Are you making a career change? Maybe from one industry to another, or from one function to another. You’re probably excited, but at the same time, that little voice creeps in: How do I make my resume make sense to someone in a completely different world?
I’ve been there. In 2008, I was trying to break into industry from academia, right in the middle of a global financial crisis. I went to every job fair, handed out resumes to every recruiter I could find, but all I heard was:
“Well… you don’t have industry experience.”
Although it was true that I didn’t have direct industry experience, looking back, one of the biggest reasons I heard that response was because of my resume.
A resume is your message to introduce who you are and why you might be exactly the candidate they’ve been looking for, especially to someone who has never met you. It should make them feel you’re the right person for the role. Back then, I didn’t understand that at all. Instead, I handed out a seven-page CV crammed with everything I had ever done: my full education history, a long publication list, exhaustive skill inventories, every conference talk I’d ever given.
If I saw that kind of resume now, I’d pass. I would think, This candidate isn’t ready for industry at all. And now I understand exactly why recruiters felt that way.
It took me years to really learn what I was doing wrong and how to fix it. Here’s what I wish I had known then.
1. Speak Their Language
My first mistake was the seven-page CV. In the tech industry I was trying to enter, a one-page resume was the norm. That alone was a red flag that I didn’t understand how things worked in their world.
But it’s not just about length, it’s about language. Different fields use different words for similar work. One of my clients, who was moving from consulting to product operations, discovered that much of the actual work was the same, but the terminology was different. Once she replaced consulting jargon with product ops terminology, her resume immediately felt familiar and relevant to hiring managers.
Even if what you’ve done is exactly the same as what they do, you need to say it in their words. That choice of language signals that you understand their work and that you’ve done your homework.
2. Identify Your Transferable Skills
When you’re changing industries, it’s easy to assume your previous experience doesn’t count in the new context. But that’s rarely true. The skills you’ve built, such as problem solving, leadership, technical know-how, and communication, don’t disappear just because you’re pivoting.

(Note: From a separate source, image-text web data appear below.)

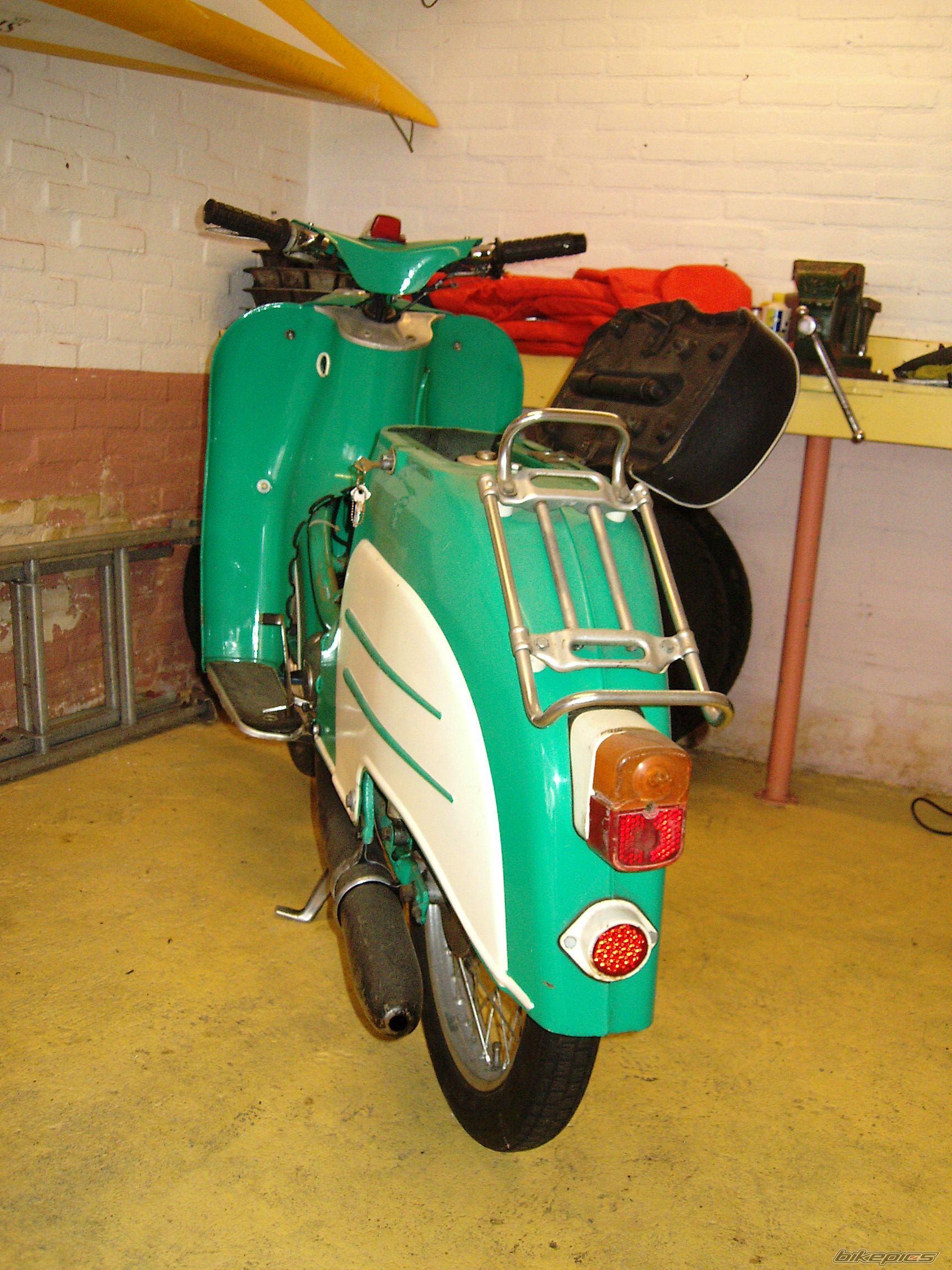 Photo 1363918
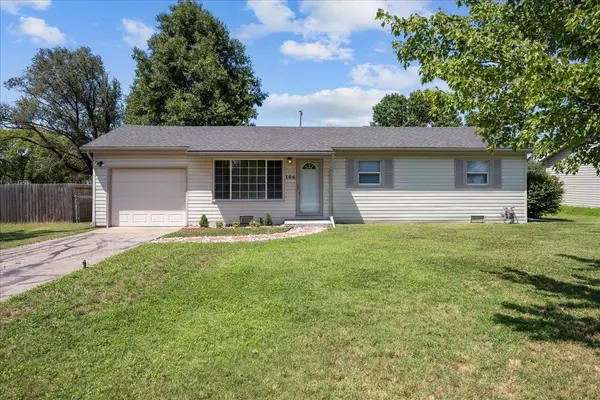 106 W Lewis St, Udall, KS 67146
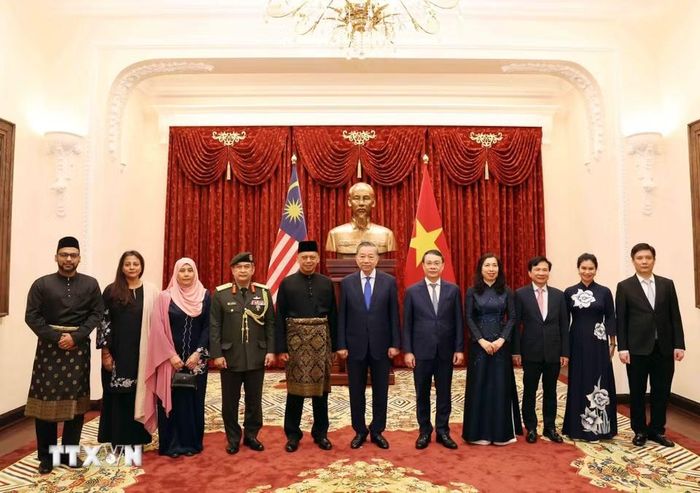 Tổng Bí thư, Chủ tịch nước Tô Lâm tiếp Đại sứ Malaysia Jamal Sharifuddin Bin Johan. (Ảnh: Thống Nhất/TTXVN)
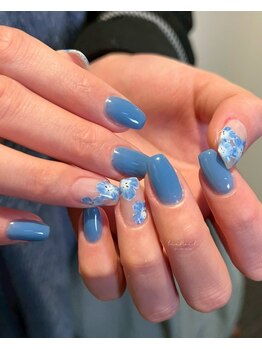 ネモフィラネイル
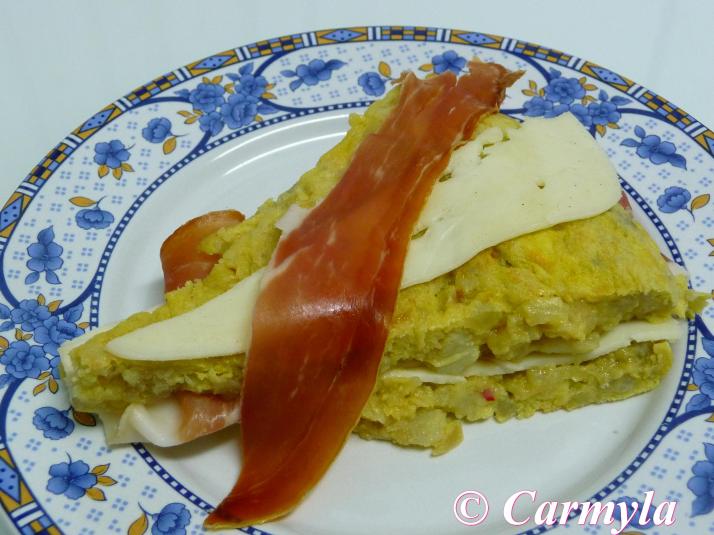 TORTILLA DE PATATA CON JAMÓN Y QUESO fría
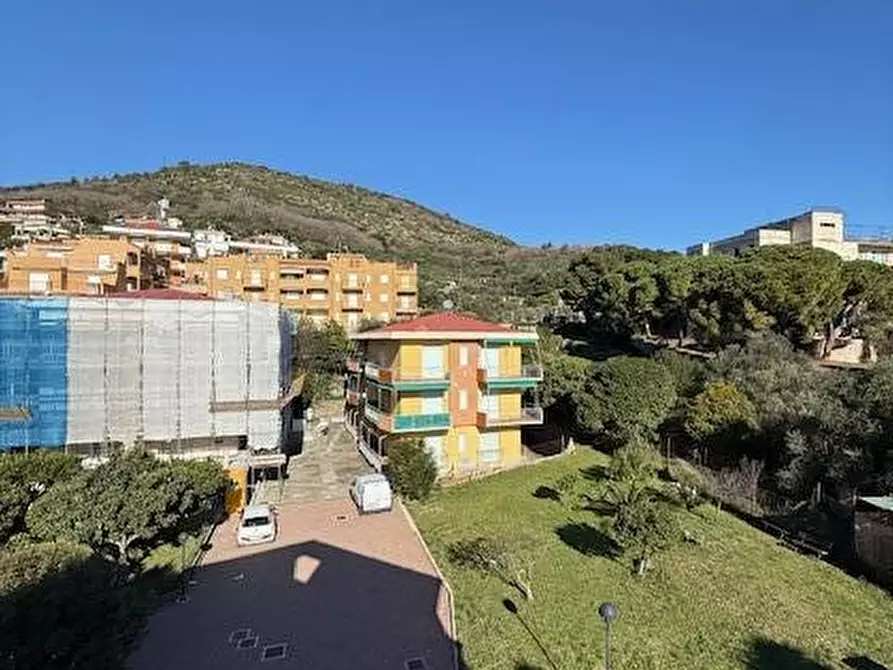 Immagine 31 di Appartamento in vendita  a Pietra Ligure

You just need to see them clearly.
From my physics background, here’s what I eventually realized:
- Analyzing experimental data → a strong foundation in problem-solving, statistics, and coding.
- Writing peer-reviewed journals → research, writing, and persuasive communication.
- Presenting at conferences → public speaking and technical presentation skills.
- Leading a research group → leadership, coordination, and project management.
The key is to start by mapping everything you’ve done to the core skills that matter in your new field before you even think about how to phrase them.
3. Translate Them Into Industry Keywords
Once you’ve identified your transferable skills, the next step is to express them in the language your new industry uses and in the exact keywords that will grab attention.
For example, I learned that “physics analysis” was meaningless to a hiring manager in tech, but “statistical analysis and coding in Python” was instantly recognizable.
- “Presented at international physics conferences” became “delivered technical presentations to audiences of 200+.”
- “Led a particle physics research group” became “managed cross-functional teams to deliver complex projects on tight deadlines.”
If you skip this step, you force the recruiter or hiring manager to mentally translate your background into their terms, and the truth is, most won’t take the time. Make the connection obvious.
4. Highlight Your Unique Strengths
Beyond the core skills, you bring something that most people in your target field won’t have. That unique edge often comes directly from your previous career, and it can set you apart if you present it the right way.
For example, I never knew my knowledge in hardware and Linux systems was useful in tech. It was just part of my work as an experimental physicist, so I didn’t think to include it. Those skills were rarely listed in job descriptions for data science roles, but in interviews, they became a surprising bonus.
If you’re not sure what your hidden strengths are, talk to people who understand both your current field and your target one. Informational interviews and networking can help you see yourself through the eyes of someone who knows what would stand out.
5. Show Your Passion
When I interview candidates making the jump from academia, the biggest red flag isn’t the lack of industry experience, it’s the lack of genuine excitement about the work. If your main motivation is “I want a higher-paying job,” that’s exactly what will come across. To a hiring manager, that suggests you might not truly care about the role or the company’s mission, and that you’re simply looking for a paycheck.
Hiring managers want people who are eager to contribute, curious about the challenges, and genuinely interested in the work. That enthusiasm can be the deciding factor between two equally qualified candidates.
So in your resume, and in interviews, make it clear why you’re making this pivot, what you’ve done to prepare, and what excites you about the problems you’ll get to solve.
Final Thoughts
At the end of the day, your resume is a message to someone who doesn’t know you at all. Picture that person sitting with your resume in hand. What do they want? What worries do they have about hiring someone from outside their industry?
Knowing that, decide what you want them to understand about you and present it in a way they can grasp immediately, without having to do any mental translation.
That’s when your resume stops being just a record of your past and becomes a bridge to your future.